Anggota DPR RI Alimudin Kolatlena: Maluku Masih Hadapi Tantangan Berat, Butuh Sinergi Semua Pihak

oleh -126 Dilihat

Ambon–Suaratimurnews.com Anggota DPR RI Alimudin Kolatlena menilai bahwa setelah 80 tahun Indonesia merdeka dan Maluku lahir sebagai salah satu dari delapan provinsi pertama, masih banyak pekerjaan rumah besar yang harus diselesaikan.

“Dari 20 kepemimpinan yang telah berjalan, banyak hal sudah dilakukan. Namun, kita juga tahu masih banyak yang belum tercapai. Kemiskinan di Maluku masih bertahan di peringkat empat nasional, pendidikan pun masih di urutan empat terbawah, sementara infrastruktur jalan, jembatan, sekolah, dan rumah sakit masih belum memadai, terutama di pedalaman dan pulau-pulau,” kata Kolatlena kepada wartawan usai paripurna peringatan HUT Provinsi Maluku ke 80 di gedung DPRD Maluku Selasa (19/8/2025)

Menurut politisi partai Gerindra ini kondisi ini membutuhkan perhatian serius baik dari pemerintah pusat maupun pemerintah daerah. Karena itu, ia menekankan pentingnya komunikasi, koordinasi, dan kolaborasi antara seluruh pemangku kepentingan di Maluku, mulai dari gubernur, wakil gubernur, bupati, wali kota, DPRD, DPR RI, hingga DPD.

“Sebagai anggota DPR RI bersama tiga rekan lain dari Maluku, kami sudah bersuara di pusat. Namun tidak cukup hanya bicara. Pemerintah daerah harus menyiapkan data yang akurat dan proposal proyek konkret. Data itu sangat penting sebagai dasar perjuangan di DPR maupun kementerian,” jelasnya.

Kolatlena menambahkan, sejauh ini sudah ada kepala daerah yang aktif berkoordinasi dengan DPR RI dan ditindaklanjuti ke kementerian terkait. Namun ia berharap pola ini diperluas oleh seluruh pemerintah daerah di Maluku.

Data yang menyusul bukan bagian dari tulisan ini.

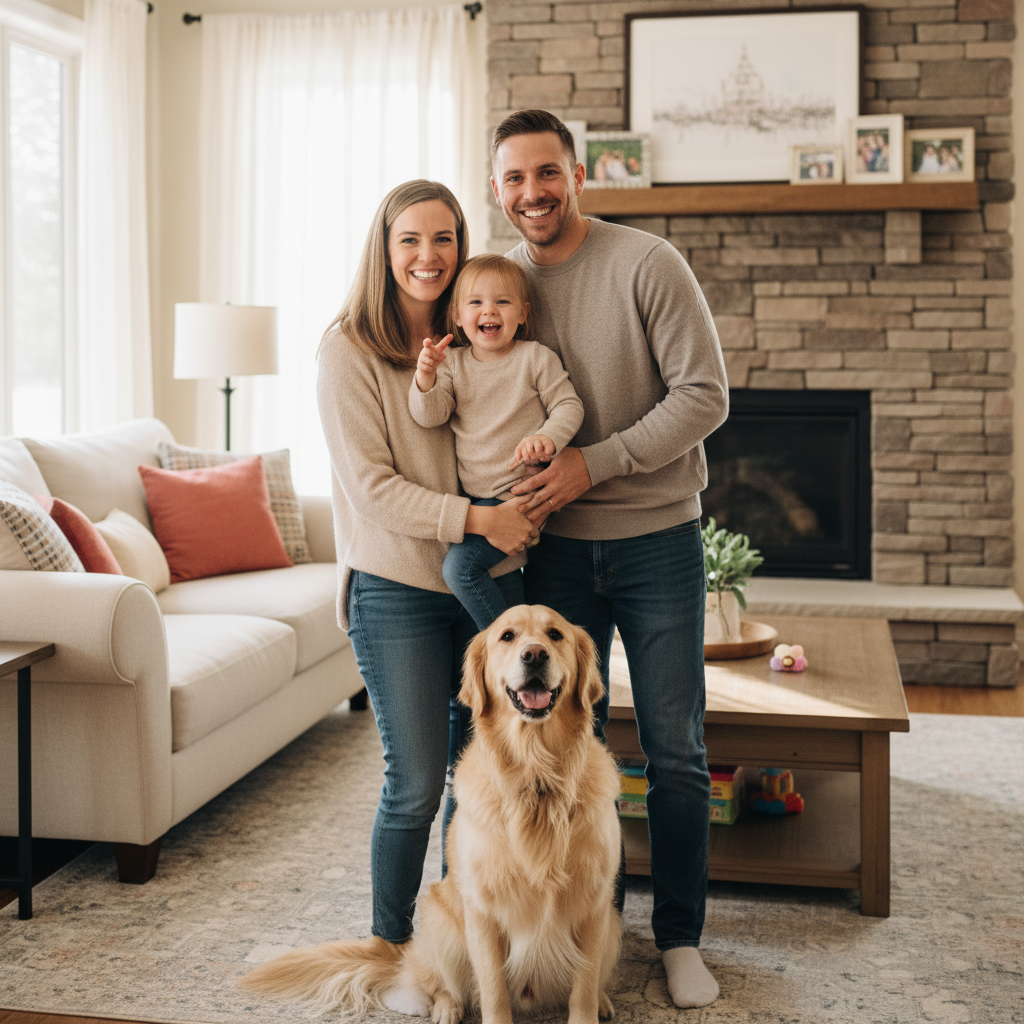 Turn Your Photos into AI-Powered Christmas Cards input photo example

Ia juga menekankan bahwa proyek strategis nasional untuk Maluku harus terus diperjuangkan bersama. “Hanya dengan sinergi, kerja sama, dan ketulusan, Maluku bisa keluar dari status sebagai salah satu daerah termiskin dan paling tertinggal di Indonesia,” tegasnya.

Kolatlena menambahkan pernyataannya dengan menekankan pentingnya peran media dalam mendorong kolaborasi. “Hari ini tidak ada lagi superman. Presiden pun butuh dukungan semua pihak. Demikian juga gubernur, DPR, dan DPD. Kalau kita mau tulus bekerja sama, Maluku pasti bisa lebih baik.(ST01)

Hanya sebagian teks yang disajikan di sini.